Well, this is where having a dedicated file system starts to become a good idea. At the moment, there are two options with an AWS for creating a file system. The first one is to use Amazon EFS, the Elastic File System and the second option is to use Amazon FSx. Amazon EFS versus Amazon FSx in general. Naturally, there might be a little confusion about which of these file systems one is supposed to use. Let's take a few moments here to separate these two so that you can make a good decision on what you might need for your architectures. EFS. Starting off, Amazon EFS will provide you with a fairly simple and scalable file system that can be used for Linux-based workloads. It is a regional service that can store your data within and across multiple availability zones, providing high availability and strong durability for your data. Amazon EFS is a managed NAS filer for your EC2 instances based on Network File System V4. It allows you to mount on various EC2 instances and on-premises compute devices.
FSx. Amazon FSx however, comes in two different flavors. The first option is FSx for Windows file server. It provides a fully managed Microsoft Windows file system. This means it will work well for your Windows based applications that require file storage. The second option is Amazon FSx for Lustre, which is more focused on high performance computing. This system is POSIX-compliant and ready for use on Linux-based applications. Now we're gonna go much deeper into the details of FSx here. But at a high level, you can start to make a decision on these services based on your needs. EFS. I just need a dead simple managed file system that multiple Linux instances can communicate with. FSx for Windows file server. I need a managed file system that can handle Windows workloads. FSx for Lustre. I work with with high-performance applications, they need a shared file system where speed is super important.
Alrighty, now that we have a basic idea of where everything sits within the AWS wheelhouse, we can start to dive into the specifics of FSx for Windows file server and FSx for Lustre. If you were more interested in Amazon EFS, please take a look over here for more details on that service. FSx for Windows file server. Amazon FSx for Windows file server provides a highly scalable, fully managed file storage solution that is accessible over SMB protocol. Simply, it is a shared file system that allows multiple computers to connect to a single location to access files and folders that they need. There are a number of applications and workloads that need to have access to a shared file system. FSx for Windows file server provides a simple to use platform that works well for home directories, line of business applications, web servers and content management, software development environments, various media workflows and data analytics. It is accessible from Windows machines, Linux boxes using the CIFS-util tools and macOS instances and devices. You can have thousands of connections active concurrently, which can be accessed from almost anywhere in the world. Since the service is built on Windows file server, it allows you to define a number of administrative features, such as user quotas, end-user file restore and Microsoft Active Directory integration. This AD can be a AWS managed AD or self-managed one from on premises. This means you can have strong integrations with your organizations that allow for both authentication and authorization of your users and files within the system.

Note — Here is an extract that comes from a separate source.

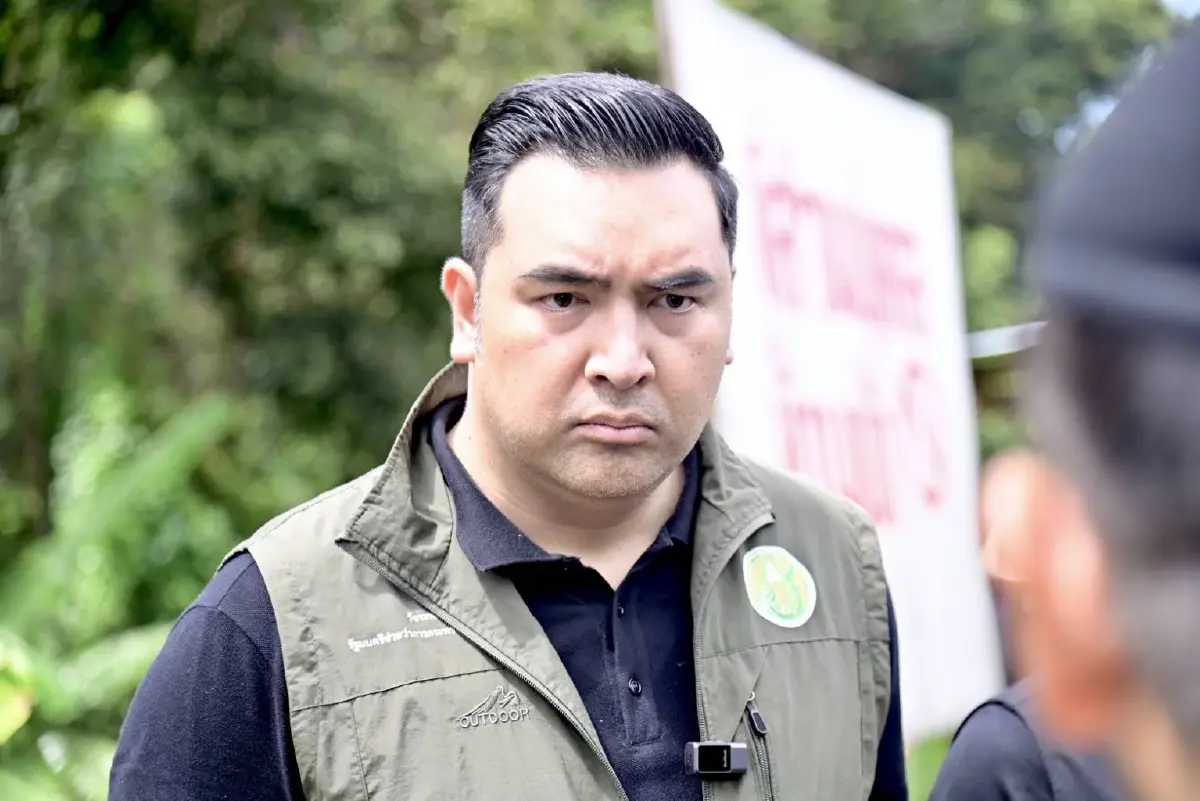 “วัชระพล” ลุยป่าตอง สั่ง ส.ป.ก. เร่งพิสูจน์สิทธิ์ที่ดิน 60 ไร่ จ่อฟันผู้บุกรุกปักป้ายห้ามเข้า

You can even use your own ACLs and shared level access controls.
Now, when it comes down to the raw specifications of FSx for Windows file server, it is able to handle storage from 32 gigabytes of data all the way up to 64 terabytes of active file data. If your solution requires more storage than this, you have the ability to combine multiple FSx file systems together using Microsoft Distributed File System. By using Microsoft DFS, you can create a combined folder structure that can store hundreds of petabytes of data. Besides total data storage, you also have to specify how much throughput you'd expect the system to require on a per second basis. You can start as low as eight megabytes per second and move all the way up to two gigabytes per second of network throughput capacity. Since workloads are often spiky and not coming in as a steady stream, FSx operates on a network I/O credit basis. You will accrue credits when the throughput is lower than the baseline limits and will lose credits when operating above the baseline. This allows the system to burst up the network throughput when a lot of data needs to move through the network at one time. Now let's take a look at this table to get an idea of how high the throughput can burst if you have enough credits available. If these numbers still do not meet your desired network throughput, you can again distribute the data amongst many file systems to get around these limits. FSx also provides a fast in-memory cache on the file server that will greatly increase performance for your most frequently accessed data.
Data deduplication. Another great feature of the service is that FSx has a data deduplication option that can be turned on to help save space on the network file system. Large data sets that are used by multiple users or systems will oftentimes have redundant data. This will increase the data storage cost if not dealt with. By turning on data deduplication, the system will remove redundant data by storing duplicate portions of the data only one time. This deduplication can run as a background process, which will not significantly affect the performance of the file system. It also is a transparent part of the file system and will not be obvious to your connected users or clients. Data deduplication is automatic and will continue to scan your file systems in the background, looking for any extra copies of data.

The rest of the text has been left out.